Characterization of coconut shell-based activated carbon and its application in the removal of Zn(II) from its aqueous solution by adsorption

Adsorption kinetics and loading capacity of Zn(II) onto a coconut shell-based activated carbon (AC) was investigated at different solution concentrations, pH values, and temperatures. Characterization of the AC was performed by using scanning electron microscopy, N-2 adsorption and desorption isotherms, pore size distribution, surface area determination, determination of point of zero charge (pH(PZC)), and Boehm titration. The equilibrium studies showed that the Zn(II) adsorption onto the AC increases from 1.98 to 4.24 mg/g by increasing the initial Zn(II) concentration from 23 to 148 mg/L. The kinetic experiments revealed that the initial adsorption rate of Zn(II) is rapid and decreased afterwards. The adsorption rate significantly increased with raising the temperature from 25 to 45 degrees C. The activation energy for the adsorption of Zn(II) ions onto the AC was 54.23 kJ/mol. Both of the adsorption kinetics and loading capacity decreased with increasing the acidity of solution. The results of Boehm titrations, determination of pH(PZC), and the time course of the system pH during the sorption process showed that the adsorption of Zn(II) ions onto the AC takes place through cation-exchange mechanism with acidic surface functional groups.
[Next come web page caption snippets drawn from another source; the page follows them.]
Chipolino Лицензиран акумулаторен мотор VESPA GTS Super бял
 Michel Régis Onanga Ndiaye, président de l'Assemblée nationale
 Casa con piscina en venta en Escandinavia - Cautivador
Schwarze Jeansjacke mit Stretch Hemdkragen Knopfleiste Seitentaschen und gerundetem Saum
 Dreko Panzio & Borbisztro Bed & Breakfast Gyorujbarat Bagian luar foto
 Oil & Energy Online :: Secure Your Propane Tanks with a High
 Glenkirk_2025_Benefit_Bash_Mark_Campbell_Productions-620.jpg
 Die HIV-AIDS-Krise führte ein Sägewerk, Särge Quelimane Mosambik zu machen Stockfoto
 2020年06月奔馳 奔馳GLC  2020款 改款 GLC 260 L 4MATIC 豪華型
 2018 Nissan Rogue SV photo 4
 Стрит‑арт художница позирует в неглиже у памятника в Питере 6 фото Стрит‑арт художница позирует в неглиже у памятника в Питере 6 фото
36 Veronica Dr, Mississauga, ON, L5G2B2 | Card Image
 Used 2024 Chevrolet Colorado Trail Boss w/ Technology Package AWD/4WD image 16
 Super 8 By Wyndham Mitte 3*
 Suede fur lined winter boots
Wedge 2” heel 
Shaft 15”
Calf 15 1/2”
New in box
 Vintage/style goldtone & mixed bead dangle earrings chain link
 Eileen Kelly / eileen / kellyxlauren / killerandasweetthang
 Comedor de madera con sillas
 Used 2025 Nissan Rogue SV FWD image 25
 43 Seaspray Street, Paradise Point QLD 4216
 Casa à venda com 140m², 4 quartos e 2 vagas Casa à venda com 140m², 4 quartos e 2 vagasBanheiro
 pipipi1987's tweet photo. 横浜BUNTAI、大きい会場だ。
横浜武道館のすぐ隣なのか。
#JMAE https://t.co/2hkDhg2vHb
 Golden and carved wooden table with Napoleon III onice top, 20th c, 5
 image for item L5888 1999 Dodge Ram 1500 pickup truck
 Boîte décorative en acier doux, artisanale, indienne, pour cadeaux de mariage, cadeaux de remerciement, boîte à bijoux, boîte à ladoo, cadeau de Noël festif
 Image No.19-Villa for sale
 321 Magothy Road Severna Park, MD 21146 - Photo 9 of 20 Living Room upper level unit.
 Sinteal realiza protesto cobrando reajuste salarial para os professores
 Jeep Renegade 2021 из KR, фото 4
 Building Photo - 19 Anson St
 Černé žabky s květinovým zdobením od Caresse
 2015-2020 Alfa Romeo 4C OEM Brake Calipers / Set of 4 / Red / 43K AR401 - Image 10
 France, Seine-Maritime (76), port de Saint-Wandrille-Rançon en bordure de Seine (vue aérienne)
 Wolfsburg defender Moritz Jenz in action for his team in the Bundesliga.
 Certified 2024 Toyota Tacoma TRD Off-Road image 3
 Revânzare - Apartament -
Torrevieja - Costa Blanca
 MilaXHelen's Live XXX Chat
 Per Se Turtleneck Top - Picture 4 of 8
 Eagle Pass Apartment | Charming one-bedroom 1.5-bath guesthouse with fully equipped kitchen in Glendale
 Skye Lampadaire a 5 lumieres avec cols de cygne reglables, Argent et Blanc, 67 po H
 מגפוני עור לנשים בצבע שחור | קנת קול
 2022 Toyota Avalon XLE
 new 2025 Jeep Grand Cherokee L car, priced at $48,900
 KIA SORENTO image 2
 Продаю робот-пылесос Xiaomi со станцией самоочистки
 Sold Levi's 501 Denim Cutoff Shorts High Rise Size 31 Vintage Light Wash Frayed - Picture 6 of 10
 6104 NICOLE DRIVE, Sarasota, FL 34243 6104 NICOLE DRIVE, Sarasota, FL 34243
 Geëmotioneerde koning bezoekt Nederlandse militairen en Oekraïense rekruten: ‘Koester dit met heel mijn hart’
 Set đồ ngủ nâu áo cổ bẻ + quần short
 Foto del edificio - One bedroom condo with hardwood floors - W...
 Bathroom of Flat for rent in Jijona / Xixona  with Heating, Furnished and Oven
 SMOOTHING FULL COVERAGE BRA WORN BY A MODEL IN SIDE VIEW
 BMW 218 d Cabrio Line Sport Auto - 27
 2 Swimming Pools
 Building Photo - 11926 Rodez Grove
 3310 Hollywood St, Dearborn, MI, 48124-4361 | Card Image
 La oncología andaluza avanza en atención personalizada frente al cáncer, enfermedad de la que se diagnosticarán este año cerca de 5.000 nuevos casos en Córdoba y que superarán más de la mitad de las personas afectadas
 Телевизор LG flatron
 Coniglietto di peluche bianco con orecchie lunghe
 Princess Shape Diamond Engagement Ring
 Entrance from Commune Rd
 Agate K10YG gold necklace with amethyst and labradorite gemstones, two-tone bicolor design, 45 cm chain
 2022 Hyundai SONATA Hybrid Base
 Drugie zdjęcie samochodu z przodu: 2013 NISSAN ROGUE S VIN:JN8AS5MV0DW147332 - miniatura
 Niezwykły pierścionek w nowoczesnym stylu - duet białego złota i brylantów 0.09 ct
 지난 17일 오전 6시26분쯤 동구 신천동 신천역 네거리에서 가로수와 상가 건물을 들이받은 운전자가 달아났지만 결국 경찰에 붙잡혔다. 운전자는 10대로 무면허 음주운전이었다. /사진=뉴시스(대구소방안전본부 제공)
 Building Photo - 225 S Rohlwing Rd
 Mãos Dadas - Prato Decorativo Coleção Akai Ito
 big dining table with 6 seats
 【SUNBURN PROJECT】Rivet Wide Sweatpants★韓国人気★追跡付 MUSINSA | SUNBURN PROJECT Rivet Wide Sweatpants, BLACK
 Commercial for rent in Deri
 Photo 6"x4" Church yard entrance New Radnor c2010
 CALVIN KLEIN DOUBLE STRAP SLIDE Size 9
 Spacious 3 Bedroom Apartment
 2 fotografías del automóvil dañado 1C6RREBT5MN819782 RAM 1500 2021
The results of linear and nonlinear regression methods showed that the equilibrium data among different two- and three-parameter isotherm models closely obey from a three-parameter isotherm model, namely Koble-Corrigan. The results of linear regression method revealed that the kinetic data among different kinetic models closely obey from Elovich model. The rate-limiting step in the adsorption of Zn(II) onto the AC was assessed through the Webber and Morris plots.